Ngo Minh Chinh, director of the provincial department of Culture, Sports and Tourism, said the local tourism sector has enjoyed rapid development in recent years and has contributed to accelerating the area’s economic development and generating jobs for local residents.
Despite these positives, the development of the province’s tourism industry has had a negative impact on the environment, largely due to bad habits of incomers such as littering, especially plastic waste, into the surrounding areas.
In order to develop Binh Thuan and Mui Ne National Tourism Site in a green and sustainable manner, environmental protection activities should be deployed with an urgent focus on the fight against plastic waste. This fight will require the participation of the entire society, including efforts from businesses and the wider community, Mr Chinh noted.
Nguyen Van Khoa, Chairman of the Binh Thuan Tourism Association, said coastal tourism sites in the province have dealt with waste drifting in from the ocean with 90 per cent of rubbish being made up of plastic waste.
Delegates at the event underlined the importance of expanding environmental campaigns in the fight against plastic waste by cleaning up beaches and using environmentally friendly products.
Anton Bespalov, Director of Victoria Resort, shared some experiences in the use of products to replace plastics.
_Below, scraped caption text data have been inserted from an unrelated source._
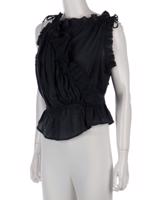 Bayan Lacivert ISABEL MARANT BLUZ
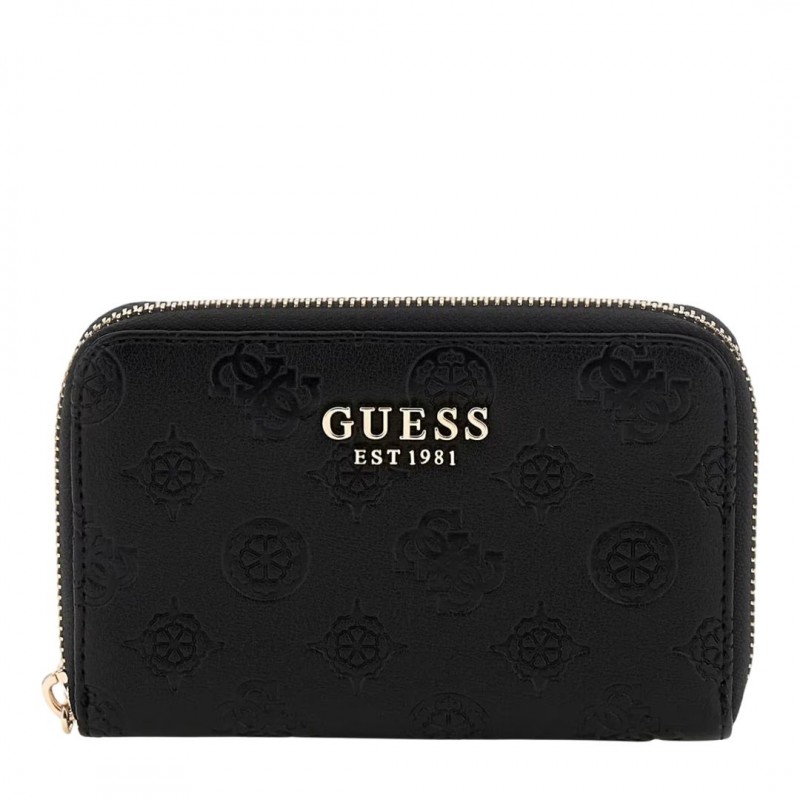 GUESS PHOEBE 4G LOGO PIVOINE PORTEFEUILLE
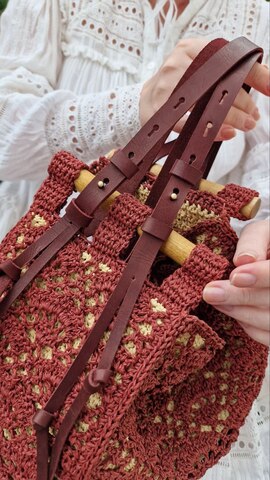 МК сумка Кармэн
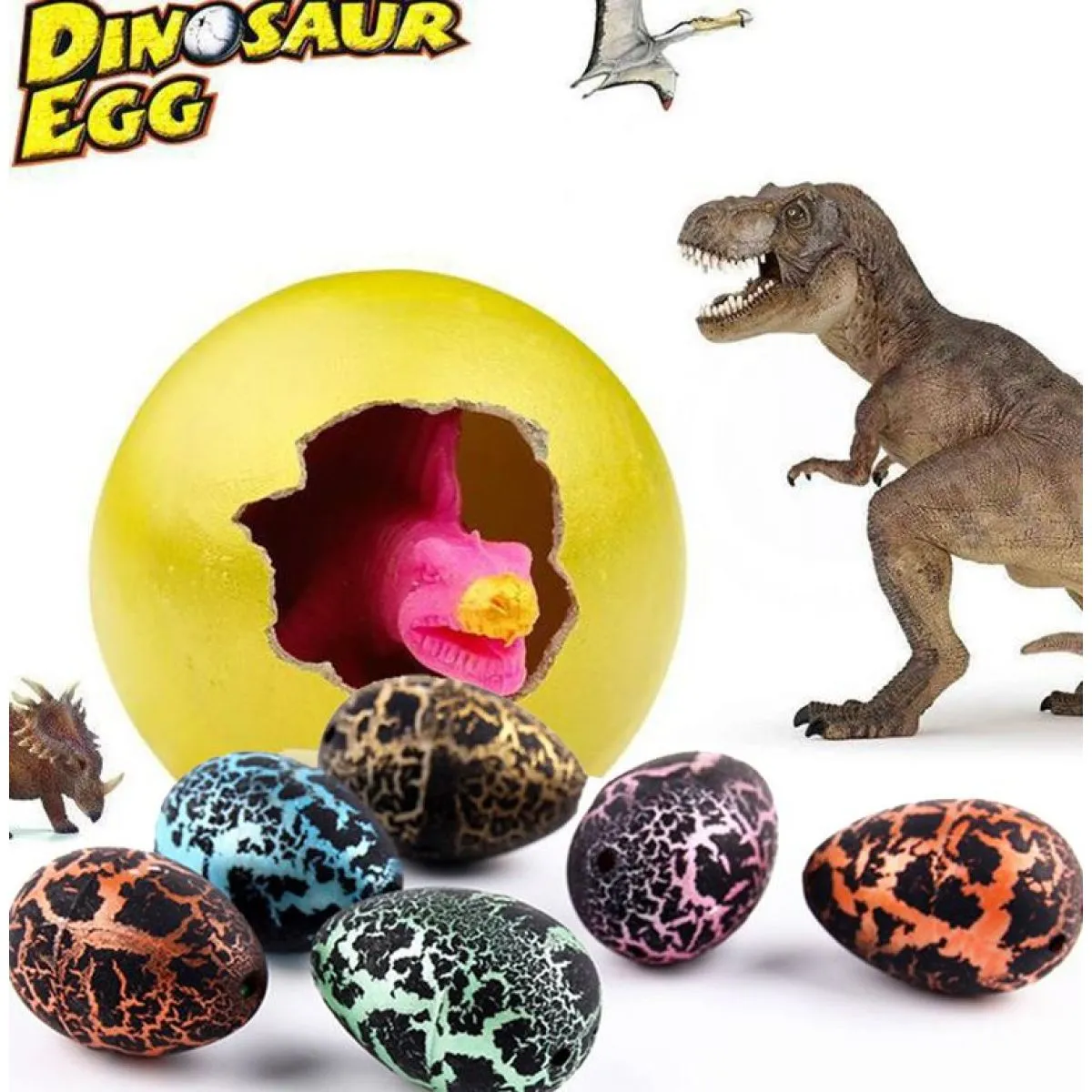 magično dinosaur jaje dinosauri - slika 5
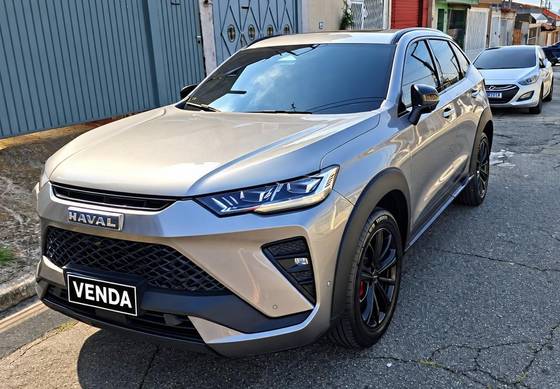 GWM HAVAL H6 GT 1.5 PHEV AWD E-TRACTION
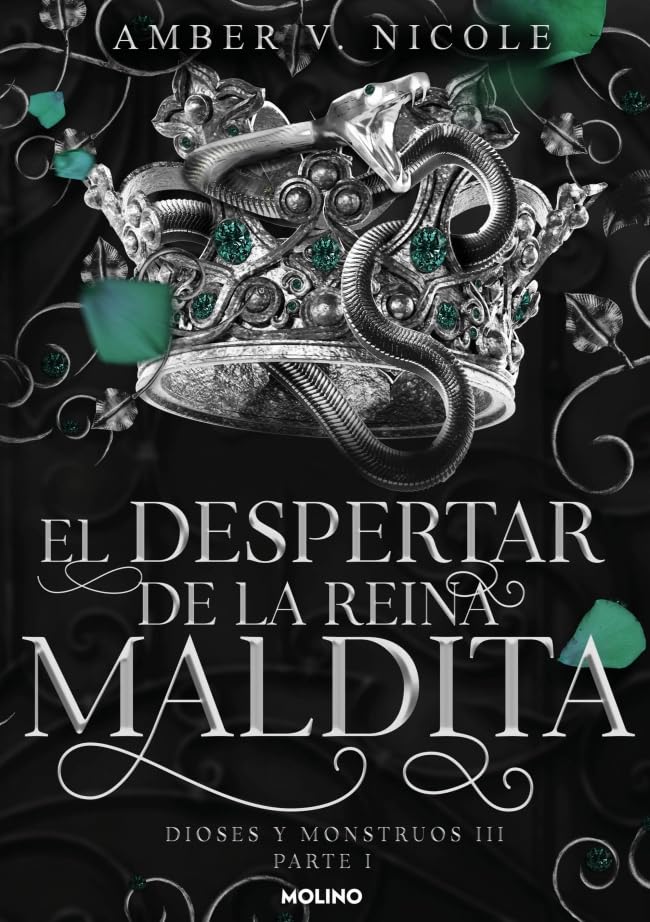 El Despertar de la Reina Maldita (Dioses y Monstruos, #3.1)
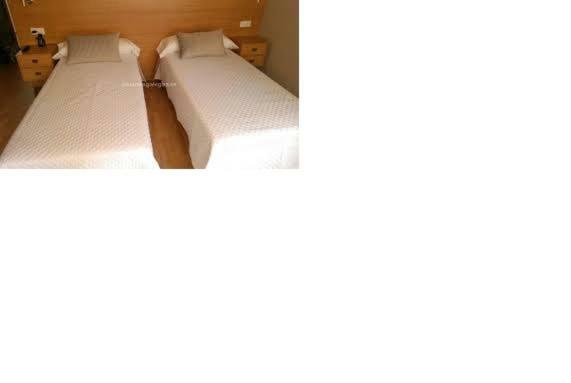 Hostal Crisol A Coruña Zewnętrze zdjęcie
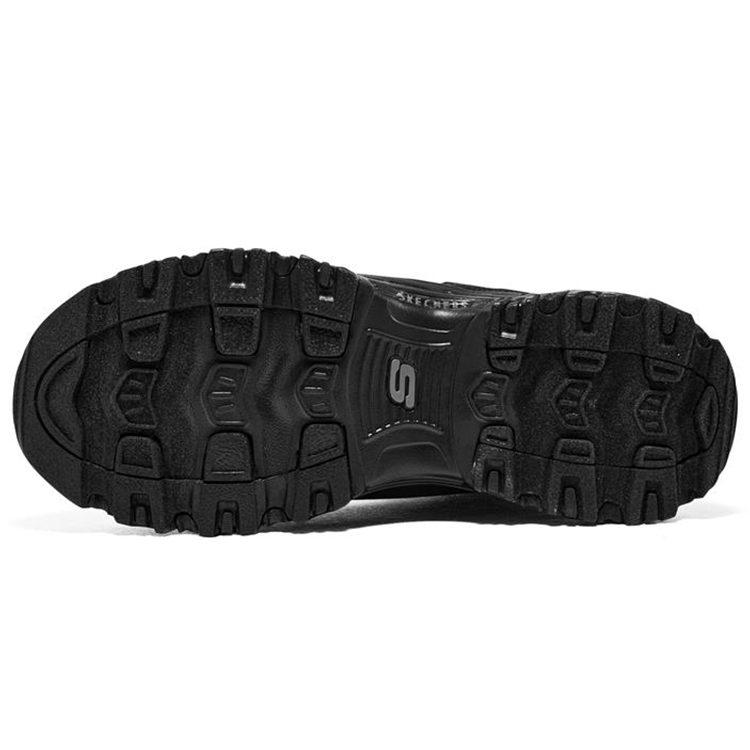 Skechers DLites 1.0 'Черный' Женские 167569-BBK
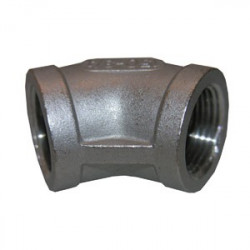 Larsen Supply Co 32-2309 Stainless Steel 45 Degree Pipe Elbow 3/4"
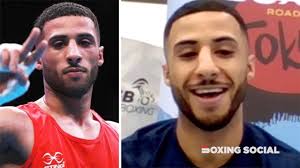 The disappointed kazakh claimed bronze. Galal Yafai Over The Moon With Olympic Qualification Talks Possible Pro Move Kal Yafai Edwards Youtube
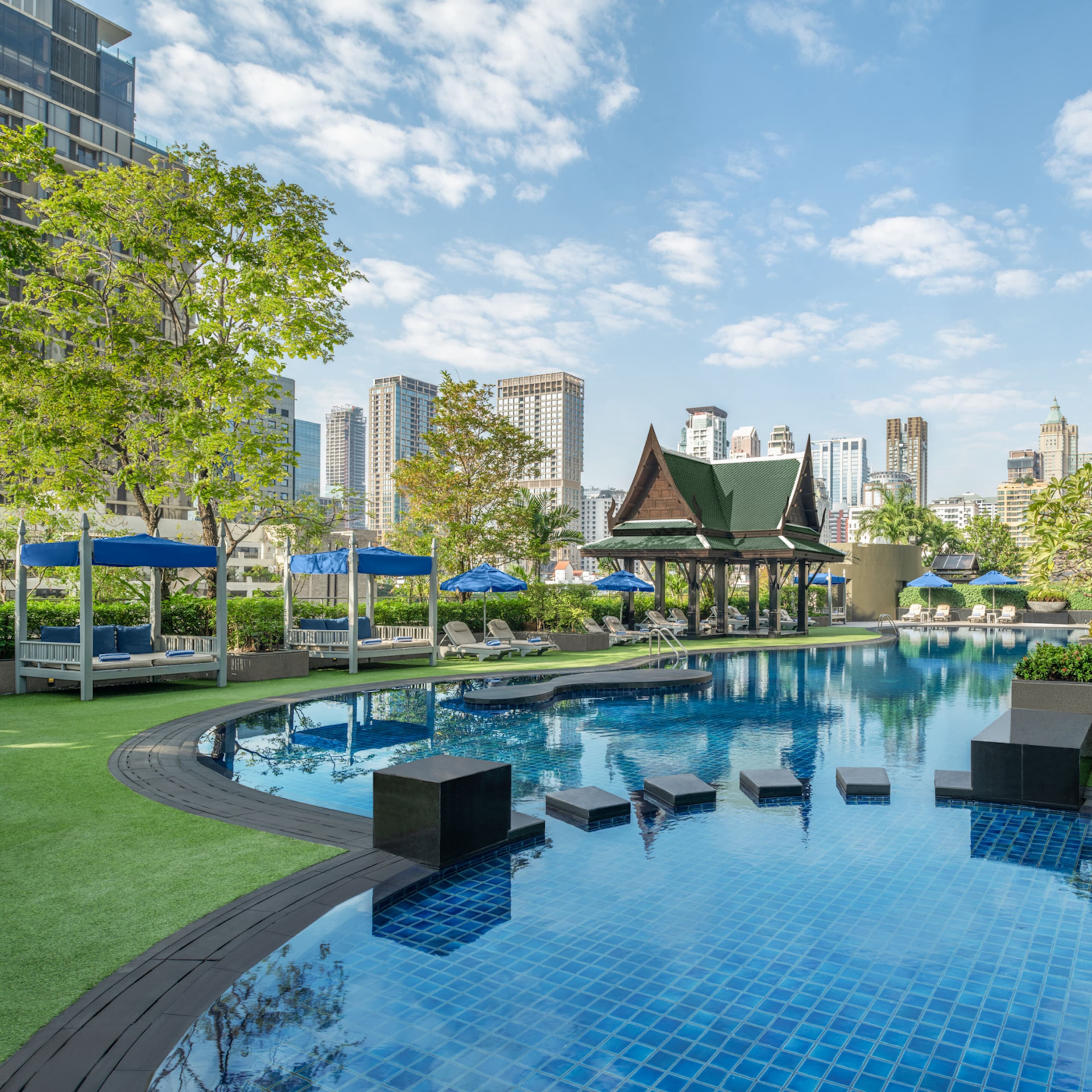 The Athenee Hotel, a Luxury Collection Hotel, Bangkok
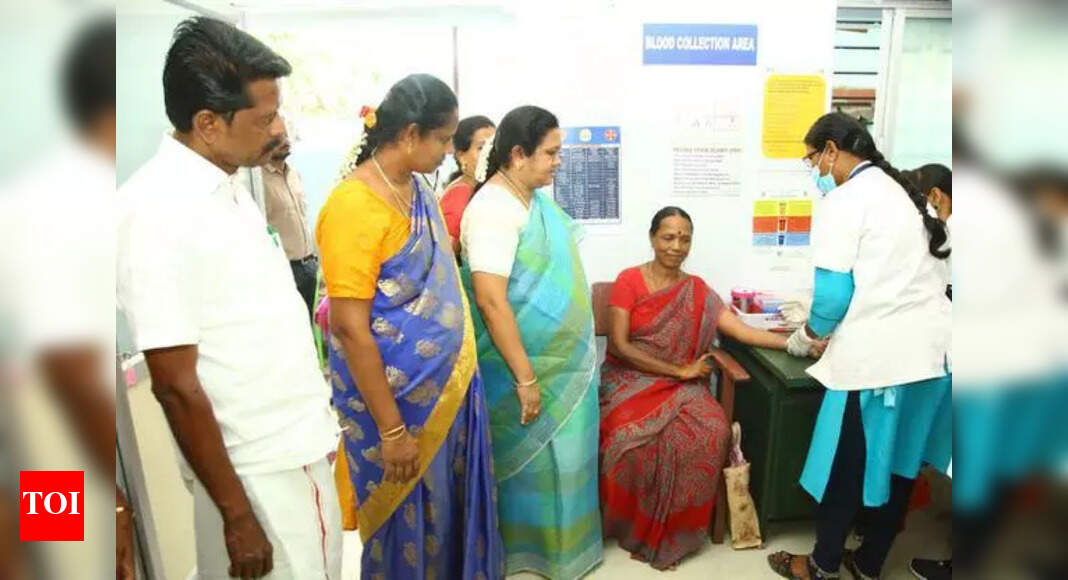 NQAS Inspection Enhances Quality at K Pudur Urban Health Centre in ...
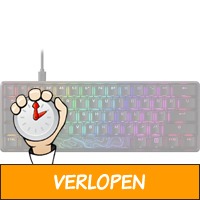 HyperX Alloy Origins 60 bedrade gaming toetsenbord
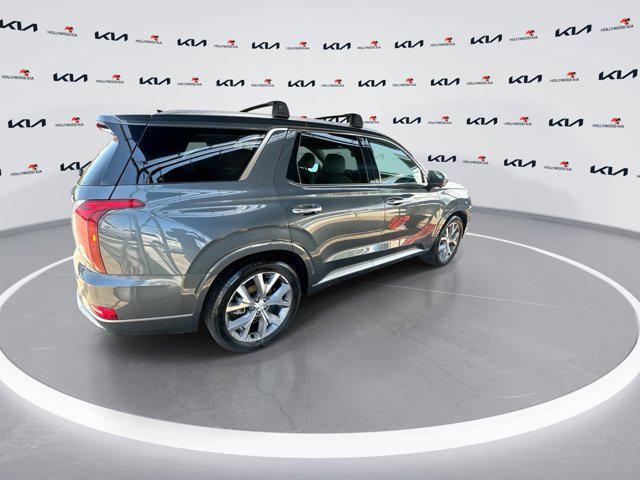 used 2022 Hyundai Palisade car, priced at $25,492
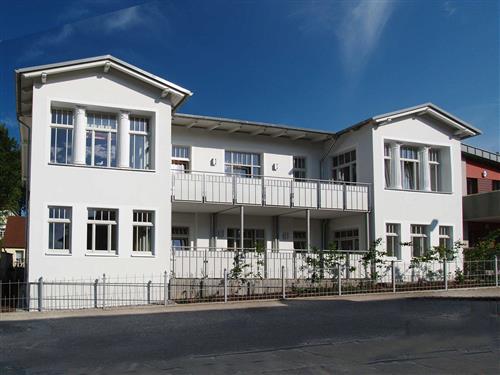 Ferienhaus - 3 Personen -  - Badstraße - 17424 - Heringsdorf (Seebad)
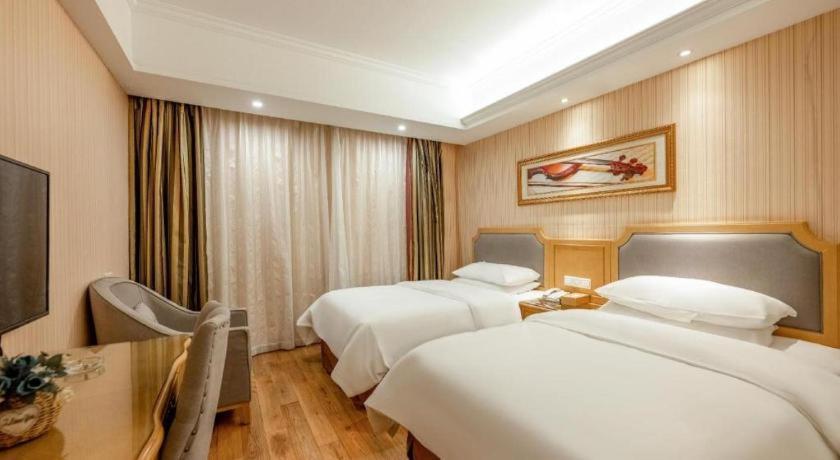 Vienna 3 Best Xiaoshan Qianjiang Century City Hangzhou Exterior photo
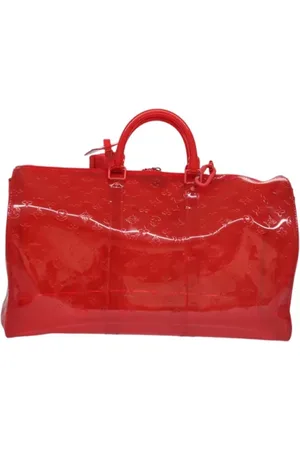 LOUIS VUITTON Pre-owned Weekend Bags, unisex, , ONE SIZE, Pre-owned Vinyl louis-vuitton-bags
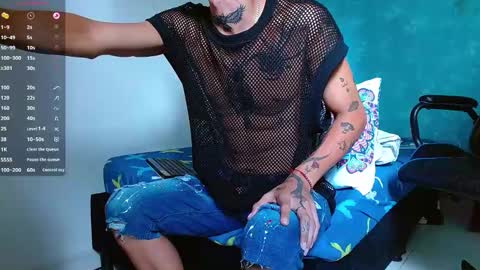 Bray Hotboy online show from December 27, 3:15 pm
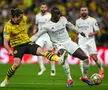 Borussia Dortmund - Real Madrid, finala Champions League 2024/ FOTO: UEFA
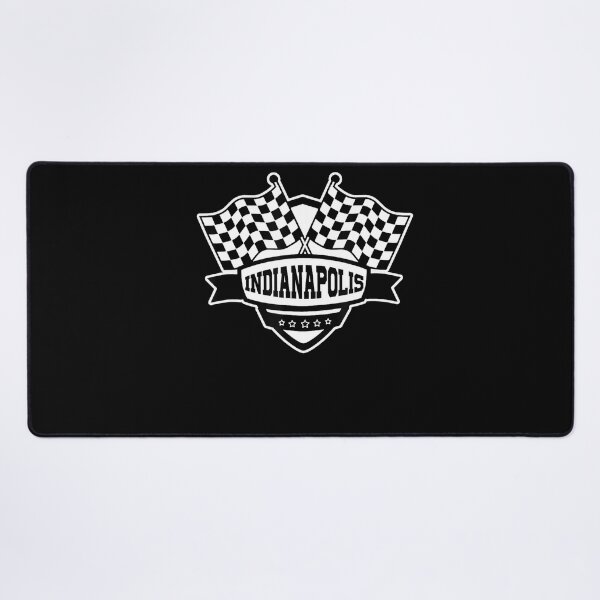 Item preview, Indianapolis Indiana Racing Checkered Flag designed and sold by osborange.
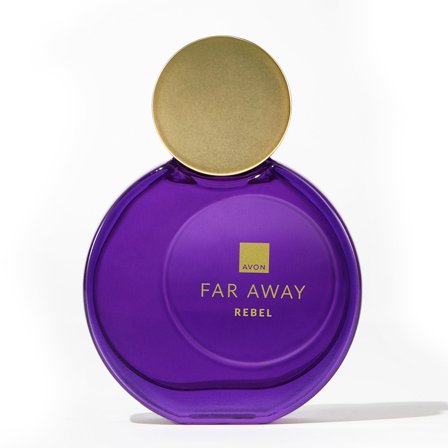 AVON Fragrance Juices Far Away Rebel Eau de Parfum 50ml - Eau de Parfum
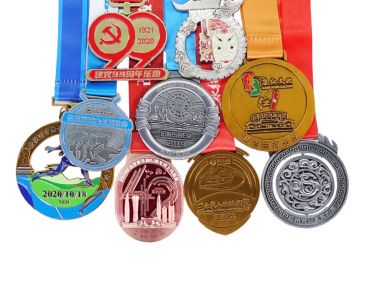 How to Choose a Reliable Medal Supplier (Demo)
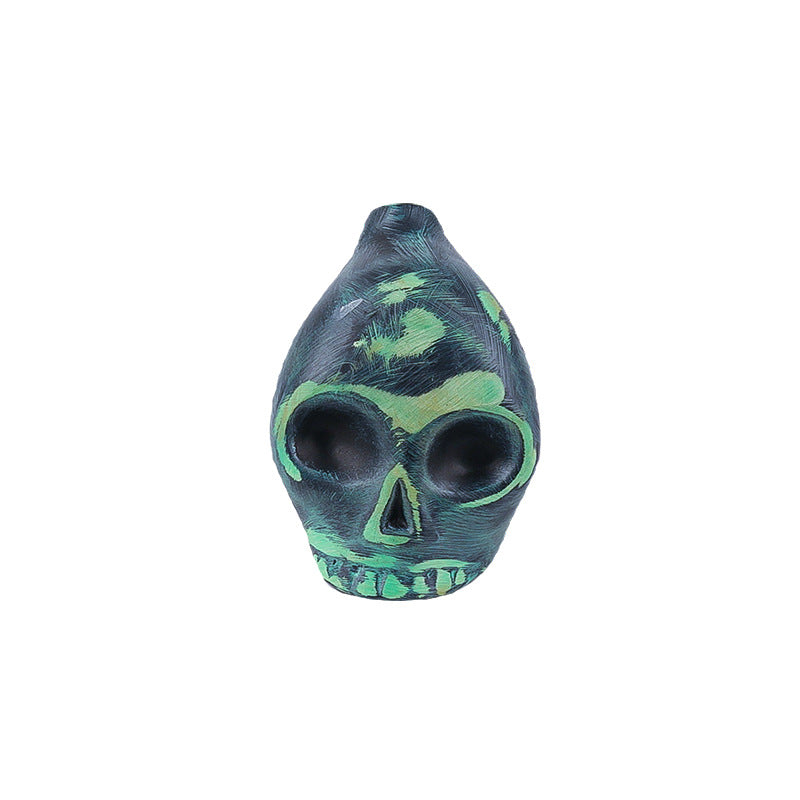 Halloween Aztec-Style Death Whistle - Dolomite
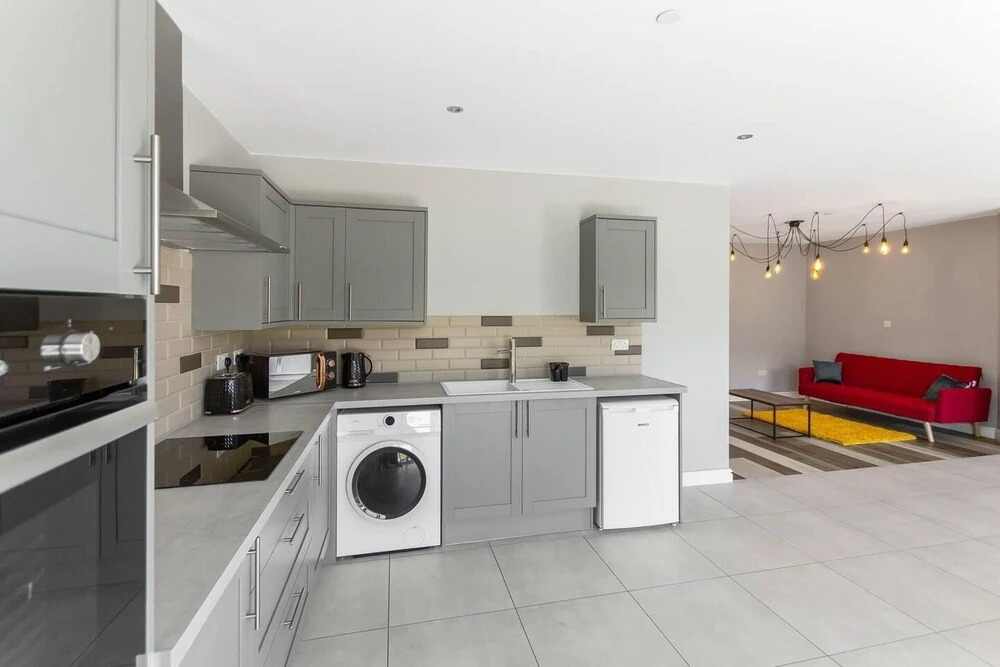 Impeccable 1-bed Apartment in Ebbw Vale, Wales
Mr Bespalov noted how all nylon bags and plastic products in the resort’s rooms had been replaced by wooden products and paper bags.
He underlined the involvement of travel companies in the fight against plastic waste, which will help to elevate the image of Binh Thuan as a tourism destination to international visitors.
Delegates at the event said priority should be given to increasing public awareness about not throwing away rubbish into the environment while additional waste bins should be installed in public places.
Currently only 15 tourism businesses in Binh Thuan have participated in a campaign to say no to single-use plastic products, use environmentally friendly products themselves, and take part in the Clean Up Day program.
Chinh also called on tourism businesses and major localities nationwide to change their habit of using single-use plastic products including nylon bags.
He noted that all travel companies in the region aim to use environmentally friendly products by 2020 and say no to the use of nylon bags in supermarkets.